If pictures appear among the lines below, leave them out while you return exactly the lines from the one with "Factory Direct Craft" through the one with "Mending Repair Plate".

■ **PROVIDED DATA**:
# # #
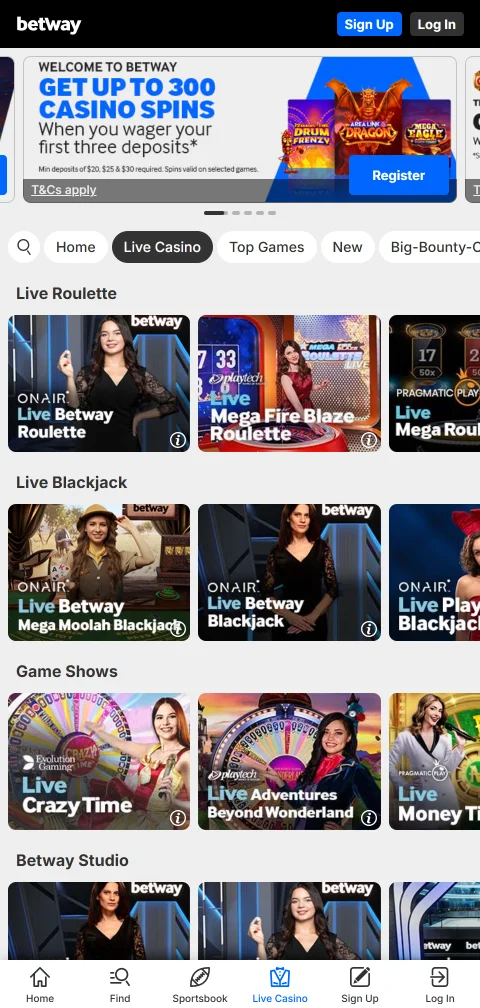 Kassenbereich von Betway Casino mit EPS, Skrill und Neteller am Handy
# # #
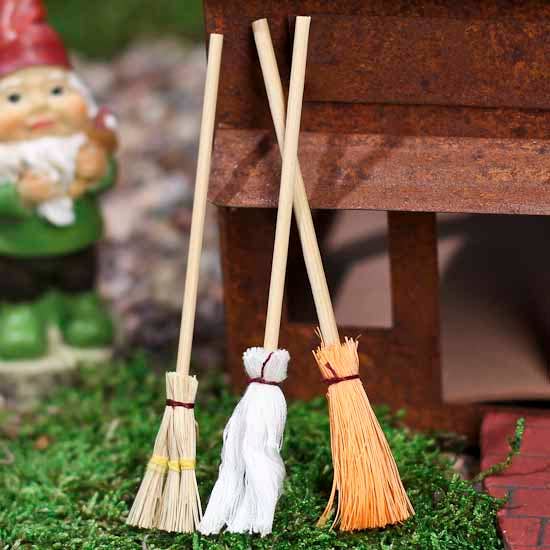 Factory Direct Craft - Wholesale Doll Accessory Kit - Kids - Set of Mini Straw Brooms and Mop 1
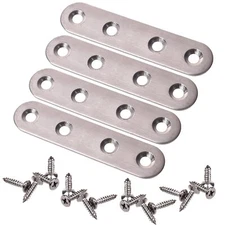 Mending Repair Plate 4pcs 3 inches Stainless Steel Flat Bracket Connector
# # #
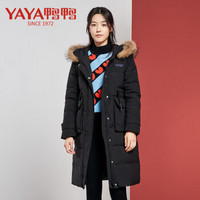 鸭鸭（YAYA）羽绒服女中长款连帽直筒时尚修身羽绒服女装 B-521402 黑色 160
# # #
■ **TASK RESPONSE**:
 Factory Direct Craft - Wholesale Doll Accessory Kit - Kids - Set of Mini Straw Brooms and Mop 1
 Mending Repair Plate 4pcs 3 inches Stainless Steel Flat Bracket Connector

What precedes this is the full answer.